Web page caption snippets
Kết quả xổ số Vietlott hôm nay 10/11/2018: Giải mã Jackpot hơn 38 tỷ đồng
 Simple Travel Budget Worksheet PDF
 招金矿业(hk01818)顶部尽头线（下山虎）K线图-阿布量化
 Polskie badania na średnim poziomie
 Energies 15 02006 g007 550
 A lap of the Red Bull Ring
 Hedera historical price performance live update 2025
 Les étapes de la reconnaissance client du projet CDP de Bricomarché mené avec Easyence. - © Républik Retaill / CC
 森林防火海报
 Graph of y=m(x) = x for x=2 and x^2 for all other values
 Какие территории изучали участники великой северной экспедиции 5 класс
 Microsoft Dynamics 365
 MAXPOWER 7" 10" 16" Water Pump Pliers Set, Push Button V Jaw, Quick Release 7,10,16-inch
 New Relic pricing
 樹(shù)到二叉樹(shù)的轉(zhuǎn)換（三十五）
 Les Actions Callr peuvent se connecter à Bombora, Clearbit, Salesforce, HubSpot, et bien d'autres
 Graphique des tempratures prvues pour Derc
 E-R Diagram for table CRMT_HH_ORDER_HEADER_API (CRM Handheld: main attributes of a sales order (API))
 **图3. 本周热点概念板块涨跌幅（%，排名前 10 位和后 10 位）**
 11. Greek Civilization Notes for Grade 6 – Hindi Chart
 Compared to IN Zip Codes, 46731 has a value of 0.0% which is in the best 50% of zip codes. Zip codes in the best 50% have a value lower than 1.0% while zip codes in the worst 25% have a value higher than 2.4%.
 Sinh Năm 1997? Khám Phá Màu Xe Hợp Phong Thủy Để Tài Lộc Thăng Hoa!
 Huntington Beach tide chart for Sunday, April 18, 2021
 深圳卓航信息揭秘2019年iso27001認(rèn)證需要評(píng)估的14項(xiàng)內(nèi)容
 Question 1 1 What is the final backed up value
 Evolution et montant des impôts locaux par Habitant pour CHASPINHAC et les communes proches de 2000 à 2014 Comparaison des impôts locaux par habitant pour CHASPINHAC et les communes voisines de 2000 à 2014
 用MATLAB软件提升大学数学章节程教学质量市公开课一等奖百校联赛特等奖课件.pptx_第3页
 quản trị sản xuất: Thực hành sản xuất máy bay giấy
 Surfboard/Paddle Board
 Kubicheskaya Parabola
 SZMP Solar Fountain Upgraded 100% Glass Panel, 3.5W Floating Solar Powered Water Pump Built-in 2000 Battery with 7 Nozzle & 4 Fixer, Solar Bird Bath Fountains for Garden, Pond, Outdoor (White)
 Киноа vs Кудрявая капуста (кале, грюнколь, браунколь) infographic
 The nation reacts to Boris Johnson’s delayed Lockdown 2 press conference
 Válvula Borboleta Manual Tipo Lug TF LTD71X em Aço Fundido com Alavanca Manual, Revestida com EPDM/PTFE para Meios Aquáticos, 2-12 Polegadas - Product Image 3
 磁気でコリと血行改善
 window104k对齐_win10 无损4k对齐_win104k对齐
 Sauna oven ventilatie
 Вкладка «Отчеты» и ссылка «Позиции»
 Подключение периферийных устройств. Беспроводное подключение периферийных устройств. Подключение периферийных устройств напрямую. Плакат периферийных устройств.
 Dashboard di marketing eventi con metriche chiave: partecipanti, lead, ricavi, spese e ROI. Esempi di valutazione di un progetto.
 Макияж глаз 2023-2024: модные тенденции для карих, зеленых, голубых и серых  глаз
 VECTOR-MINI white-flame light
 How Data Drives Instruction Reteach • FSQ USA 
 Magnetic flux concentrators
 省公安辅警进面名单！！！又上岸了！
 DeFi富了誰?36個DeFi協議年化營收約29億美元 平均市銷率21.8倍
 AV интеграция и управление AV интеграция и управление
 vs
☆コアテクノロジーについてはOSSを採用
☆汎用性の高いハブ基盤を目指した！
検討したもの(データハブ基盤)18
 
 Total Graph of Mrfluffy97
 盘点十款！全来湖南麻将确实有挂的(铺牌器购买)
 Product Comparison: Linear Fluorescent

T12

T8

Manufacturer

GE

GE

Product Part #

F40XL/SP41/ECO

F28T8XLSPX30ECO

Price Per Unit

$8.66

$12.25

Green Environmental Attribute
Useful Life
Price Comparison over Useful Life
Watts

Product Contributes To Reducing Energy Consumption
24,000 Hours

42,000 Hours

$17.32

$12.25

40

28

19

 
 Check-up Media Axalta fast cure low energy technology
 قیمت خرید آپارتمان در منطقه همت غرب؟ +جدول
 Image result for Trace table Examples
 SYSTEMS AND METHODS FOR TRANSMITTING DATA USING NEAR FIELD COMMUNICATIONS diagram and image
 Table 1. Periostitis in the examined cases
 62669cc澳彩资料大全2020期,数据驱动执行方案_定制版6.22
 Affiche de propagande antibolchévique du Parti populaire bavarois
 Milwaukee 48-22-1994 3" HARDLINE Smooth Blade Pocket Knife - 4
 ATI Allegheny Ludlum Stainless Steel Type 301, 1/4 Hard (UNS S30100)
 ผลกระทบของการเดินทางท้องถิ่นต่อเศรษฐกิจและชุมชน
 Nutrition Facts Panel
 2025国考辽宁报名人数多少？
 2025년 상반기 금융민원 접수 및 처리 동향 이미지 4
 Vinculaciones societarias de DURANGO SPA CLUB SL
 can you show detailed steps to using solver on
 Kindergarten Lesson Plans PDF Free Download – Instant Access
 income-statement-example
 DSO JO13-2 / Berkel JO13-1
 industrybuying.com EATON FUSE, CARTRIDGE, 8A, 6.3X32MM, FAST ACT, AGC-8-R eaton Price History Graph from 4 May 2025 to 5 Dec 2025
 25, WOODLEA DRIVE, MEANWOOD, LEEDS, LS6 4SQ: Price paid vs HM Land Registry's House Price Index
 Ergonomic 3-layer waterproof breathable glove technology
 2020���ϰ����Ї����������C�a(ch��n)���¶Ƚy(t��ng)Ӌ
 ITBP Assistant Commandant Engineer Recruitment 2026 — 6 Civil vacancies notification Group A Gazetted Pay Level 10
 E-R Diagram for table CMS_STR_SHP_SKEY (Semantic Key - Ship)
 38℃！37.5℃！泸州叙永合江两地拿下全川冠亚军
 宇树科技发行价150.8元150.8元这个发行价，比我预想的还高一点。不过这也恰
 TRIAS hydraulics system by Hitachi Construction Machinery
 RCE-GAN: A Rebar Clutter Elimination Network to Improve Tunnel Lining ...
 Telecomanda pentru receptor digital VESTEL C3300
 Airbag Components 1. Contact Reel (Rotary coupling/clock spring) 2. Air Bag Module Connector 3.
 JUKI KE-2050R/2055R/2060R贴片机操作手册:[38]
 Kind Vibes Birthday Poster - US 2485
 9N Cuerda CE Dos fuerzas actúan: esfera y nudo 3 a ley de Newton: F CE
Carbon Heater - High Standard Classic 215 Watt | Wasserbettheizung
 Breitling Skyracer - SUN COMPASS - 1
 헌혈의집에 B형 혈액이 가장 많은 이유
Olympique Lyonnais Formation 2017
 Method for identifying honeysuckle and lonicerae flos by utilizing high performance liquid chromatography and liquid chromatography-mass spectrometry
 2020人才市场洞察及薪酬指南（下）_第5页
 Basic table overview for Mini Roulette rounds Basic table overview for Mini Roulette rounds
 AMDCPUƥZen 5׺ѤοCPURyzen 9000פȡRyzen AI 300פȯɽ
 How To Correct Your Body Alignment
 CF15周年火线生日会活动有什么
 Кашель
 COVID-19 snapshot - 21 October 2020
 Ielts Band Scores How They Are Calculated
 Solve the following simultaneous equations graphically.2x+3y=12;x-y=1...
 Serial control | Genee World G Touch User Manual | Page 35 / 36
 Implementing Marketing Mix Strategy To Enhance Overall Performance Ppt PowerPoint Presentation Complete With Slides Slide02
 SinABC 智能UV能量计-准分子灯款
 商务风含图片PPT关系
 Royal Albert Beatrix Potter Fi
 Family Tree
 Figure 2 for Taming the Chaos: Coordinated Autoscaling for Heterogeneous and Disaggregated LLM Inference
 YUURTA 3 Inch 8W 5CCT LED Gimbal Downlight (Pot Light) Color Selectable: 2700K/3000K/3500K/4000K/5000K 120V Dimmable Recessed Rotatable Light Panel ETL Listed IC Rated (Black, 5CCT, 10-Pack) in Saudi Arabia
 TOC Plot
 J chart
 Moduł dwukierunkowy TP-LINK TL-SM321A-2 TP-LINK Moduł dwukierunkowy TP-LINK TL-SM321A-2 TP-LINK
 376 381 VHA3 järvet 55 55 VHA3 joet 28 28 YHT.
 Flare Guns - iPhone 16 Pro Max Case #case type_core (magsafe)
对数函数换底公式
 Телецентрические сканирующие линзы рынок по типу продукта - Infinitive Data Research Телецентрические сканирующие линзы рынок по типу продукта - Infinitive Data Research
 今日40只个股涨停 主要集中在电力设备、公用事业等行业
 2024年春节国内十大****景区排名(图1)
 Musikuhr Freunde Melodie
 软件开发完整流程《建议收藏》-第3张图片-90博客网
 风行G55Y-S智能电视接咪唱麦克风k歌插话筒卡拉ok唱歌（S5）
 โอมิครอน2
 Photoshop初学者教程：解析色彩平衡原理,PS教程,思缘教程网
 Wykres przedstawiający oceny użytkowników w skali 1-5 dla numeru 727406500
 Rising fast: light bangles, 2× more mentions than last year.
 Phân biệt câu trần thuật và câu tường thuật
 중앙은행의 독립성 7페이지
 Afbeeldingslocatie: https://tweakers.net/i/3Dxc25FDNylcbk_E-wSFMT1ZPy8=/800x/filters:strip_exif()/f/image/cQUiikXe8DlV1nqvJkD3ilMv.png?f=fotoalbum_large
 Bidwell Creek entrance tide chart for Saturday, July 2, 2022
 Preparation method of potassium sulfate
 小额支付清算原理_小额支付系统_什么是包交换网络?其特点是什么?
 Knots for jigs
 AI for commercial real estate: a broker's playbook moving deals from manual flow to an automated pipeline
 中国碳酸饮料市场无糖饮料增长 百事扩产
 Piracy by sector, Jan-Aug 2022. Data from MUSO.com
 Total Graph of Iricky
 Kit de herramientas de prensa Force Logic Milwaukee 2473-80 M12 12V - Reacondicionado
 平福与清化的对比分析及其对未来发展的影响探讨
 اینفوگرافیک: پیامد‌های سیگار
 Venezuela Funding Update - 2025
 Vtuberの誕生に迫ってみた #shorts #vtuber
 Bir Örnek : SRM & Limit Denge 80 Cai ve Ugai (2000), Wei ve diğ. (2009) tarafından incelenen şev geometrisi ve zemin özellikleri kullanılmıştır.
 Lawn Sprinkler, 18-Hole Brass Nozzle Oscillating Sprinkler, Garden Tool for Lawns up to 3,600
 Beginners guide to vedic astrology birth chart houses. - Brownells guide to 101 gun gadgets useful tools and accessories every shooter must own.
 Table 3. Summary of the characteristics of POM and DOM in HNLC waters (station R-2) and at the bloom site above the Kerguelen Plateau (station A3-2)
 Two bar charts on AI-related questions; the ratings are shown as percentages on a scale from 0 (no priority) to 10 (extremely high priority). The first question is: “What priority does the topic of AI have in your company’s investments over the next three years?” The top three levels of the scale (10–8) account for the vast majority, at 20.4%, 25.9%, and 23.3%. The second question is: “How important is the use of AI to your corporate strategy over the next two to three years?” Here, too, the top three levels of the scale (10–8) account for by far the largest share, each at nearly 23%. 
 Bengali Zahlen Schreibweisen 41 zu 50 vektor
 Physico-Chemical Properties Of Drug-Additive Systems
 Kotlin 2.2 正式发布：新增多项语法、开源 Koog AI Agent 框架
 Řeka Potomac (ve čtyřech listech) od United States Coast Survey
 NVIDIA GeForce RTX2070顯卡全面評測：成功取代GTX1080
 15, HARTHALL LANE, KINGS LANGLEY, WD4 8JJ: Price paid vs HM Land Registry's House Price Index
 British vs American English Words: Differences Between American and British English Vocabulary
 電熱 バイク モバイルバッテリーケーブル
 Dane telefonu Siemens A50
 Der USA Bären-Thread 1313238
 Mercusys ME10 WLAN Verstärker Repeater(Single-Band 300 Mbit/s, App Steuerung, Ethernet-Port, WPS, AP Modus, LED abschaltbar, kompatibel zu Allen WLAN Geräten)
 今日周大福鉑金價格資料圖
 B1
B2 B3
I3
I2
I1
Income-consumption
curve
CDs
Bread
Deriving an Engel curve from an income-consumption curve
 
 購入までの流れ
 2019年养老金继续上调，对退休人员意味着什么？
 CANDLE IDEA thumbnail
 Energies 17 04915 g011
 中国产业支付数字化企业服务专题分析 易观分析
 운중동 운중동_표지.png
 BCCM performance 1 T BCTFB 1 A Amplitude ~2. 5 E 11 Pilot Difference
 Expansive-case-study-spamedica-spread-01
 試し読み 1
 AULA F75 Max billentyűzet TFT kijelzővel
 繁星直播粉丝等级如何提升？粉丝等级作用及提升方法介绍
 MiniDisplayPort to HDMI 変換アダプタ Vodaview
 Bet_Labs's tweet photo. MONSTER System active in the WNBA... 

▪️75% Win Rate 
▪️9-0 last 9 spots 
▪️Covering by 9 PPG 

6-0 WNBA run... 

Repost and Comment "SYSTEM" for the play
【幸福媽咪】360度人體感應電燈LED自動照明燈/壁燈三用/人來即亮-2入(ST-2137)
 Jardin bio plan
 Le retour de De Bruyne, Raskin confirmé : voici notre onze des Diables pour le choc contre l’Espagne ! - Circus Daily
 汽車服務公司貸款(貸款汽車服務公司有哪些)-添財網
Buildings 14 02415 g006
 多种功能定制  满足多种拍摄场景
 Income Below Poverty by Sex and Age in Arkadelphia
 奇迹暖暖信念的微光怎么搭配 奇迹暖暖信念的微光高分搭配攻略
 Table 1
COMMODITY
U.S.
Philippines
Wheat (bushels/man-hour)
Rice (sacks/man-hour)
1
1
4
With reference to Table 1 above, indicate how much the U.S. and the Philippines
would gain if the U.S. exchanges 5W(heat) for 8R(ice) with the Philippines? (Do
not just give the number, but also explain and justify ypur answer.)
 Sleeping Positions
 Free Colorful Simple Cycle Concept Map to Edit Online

| Exercise prompt |
Only the lines from the first line of the records through the line containing "Evolution et montant" should be repeated, exactly as they appear.

| Solved exercise |
Kết quả xổ số Vietlott hôm nay 10/11/2018: Giải mã Jackpot hơn 38 tỷ đồng
 Simple Travel Budget Worksheet PDF
 招金矿业(hk01818)顶部尽头线（下山虎）K线图-阿布量化
 Polskie badania na średnim poziomie
 Energies 15 02006 g007 550
 A lap of the Red Bull Ring
 Hedera historical price performance live update 2025
 Les étapes de la reconnaissance client du projet CDP de Bricomarché mené avec Easyence. - © Républik Retaill / CC
 森林防火海报
 Graph of y=m(x) = x for x=2 and x^2 for all other values
 Какие территории изучали участники великой северной экспедиции 5 класс
 Microsoft Dynamics 365
 MAXPOWER 7" 10" 16" Water Pump Pliers Set, Push Button V Jaw, Quick Release 7,10,16-inch
 New Relic pricing
 樹(shù)到二叉樹(shù)的轉(zhuǎn)換（三十五）
 Les Actions Callr peuvent se connecter à Bombora, Clearbit, Salesforce, HubSpot, et bien d'autres
 Graphique des tempratures prvues pour Derc
 E-R Diagram for table CRMT_HH_ORDER_HEADER_API (CRM Handheld: main attributes of a sales order (API))
 **图3. 本周热点概念板块涨跌幅（%，排名前 10 位和后 10 位）**
 11. Greek Civilization Notes for Grade 6 – Hindi Chart
 Compared to IN Zip Codes, 46731 has a value of 0.0% which is in the best 50% of zip codes. Zip codes in the best 50% have a value lower than 1.0% while zip codes in the worst 25% have a value higher than 2.4%.
 Sinh Năm 1997? Khám Phá Màu Xe Hợp Phong Thủy Để Tài Lộc Thăng Hoa!
 Huntington Beach tide chart for Sunday, April 18, 2021
 深圳卓航信息揭秘2019年iso27001認(rèn)證需要評(píng)估的14項(xiàng)內(nèi)容
 Question 1 1 What is the final backed up value
 Evolution et montant des impôts locaux par Habitant pour CHASPINHAC et les communes proches de 2000 à 2014 Comparaison des impôts locaux par habitant pour CHASPINHAC et les communes voisines de 2000 à 2014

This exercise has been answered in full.